ペンギンヒルズでは、ヒルズ内にテントを張り、一泊する「ペンギンキャンプ」など大胆な企画を実行してきた小山さん。インタビューの最後に「将来、プーズーの展示でも試してみたいことはありますか?」と尋ねたら、「これは個人的な想いなんですけどね」と前置きしながら、とんでもなく魅力的なプランを明かしてくれた。
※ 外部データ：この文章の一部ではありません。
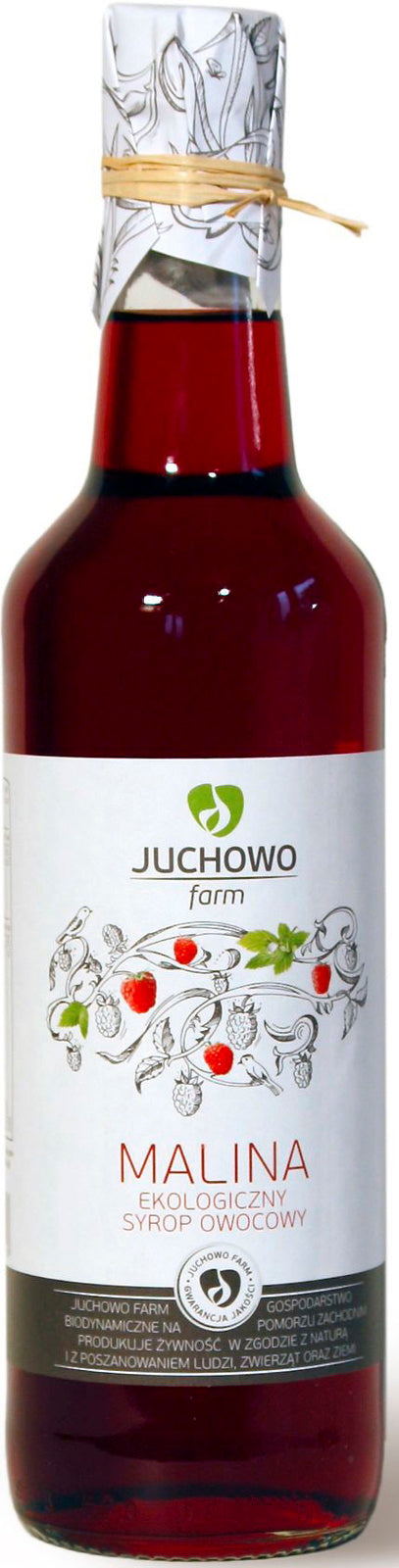 Syrop Malinowy BIO 500 ml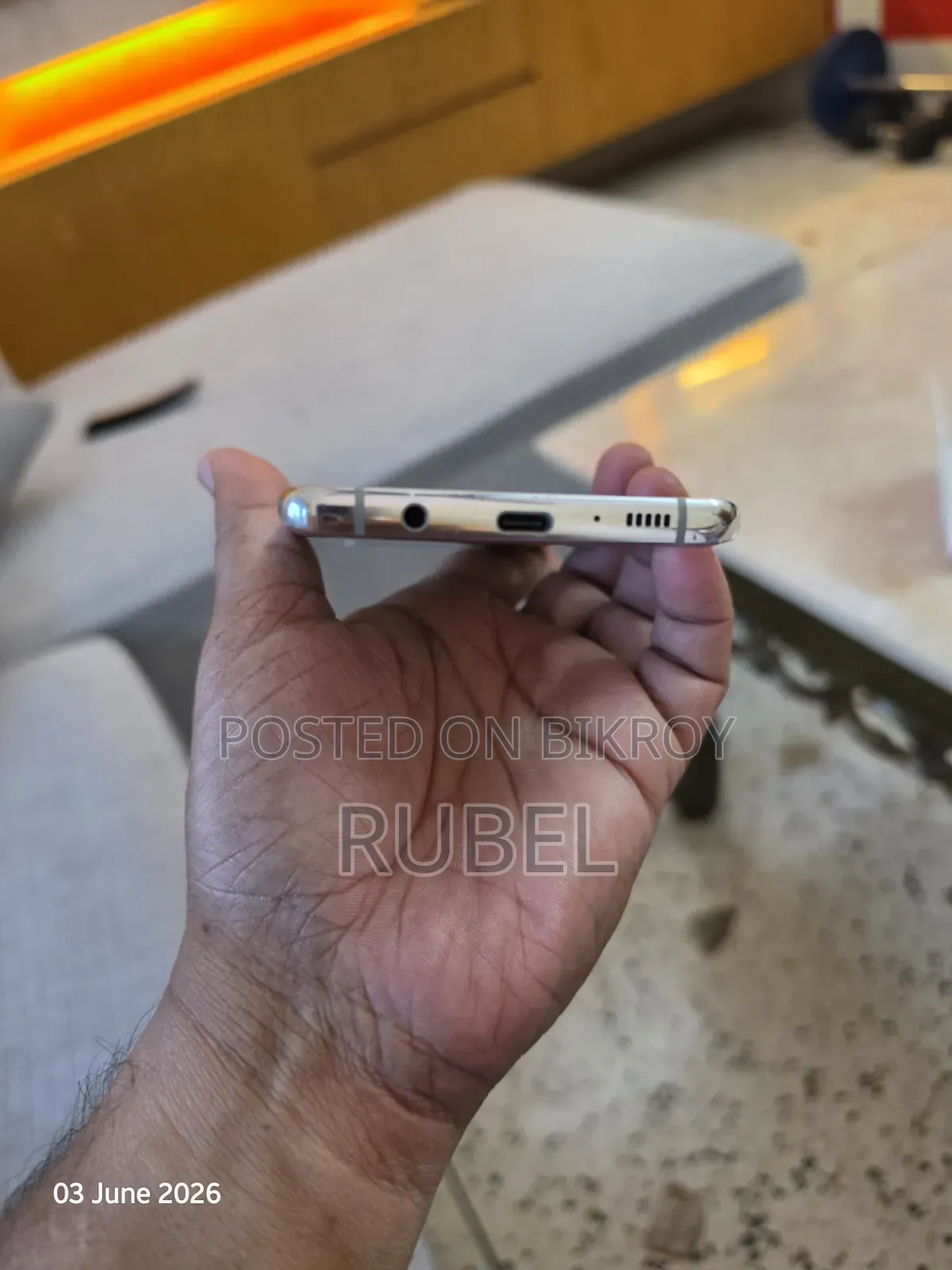 Samsung Galaxy S10 5G 256 GB Gold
「プーズーとペンギンの生息地は近いんですよ。だから、一緒に飼うことができたら楽しいかなって。ペンギンの丘の草の管理が大変なんで、プーズーが食べてくれたらいいなあと思っています(笑)。ペンギンの後ろからプーズーがひゅっと顔を出したら、面白いと思いませんか?」
それ、間違いなく面白い! 越えなきゃいけない壁はたくさんありそうだけど、絶対観たい! 僕は一瞬、仕事を忘れて鼻息を荒くしながら、小山さんに実現を訴えていた。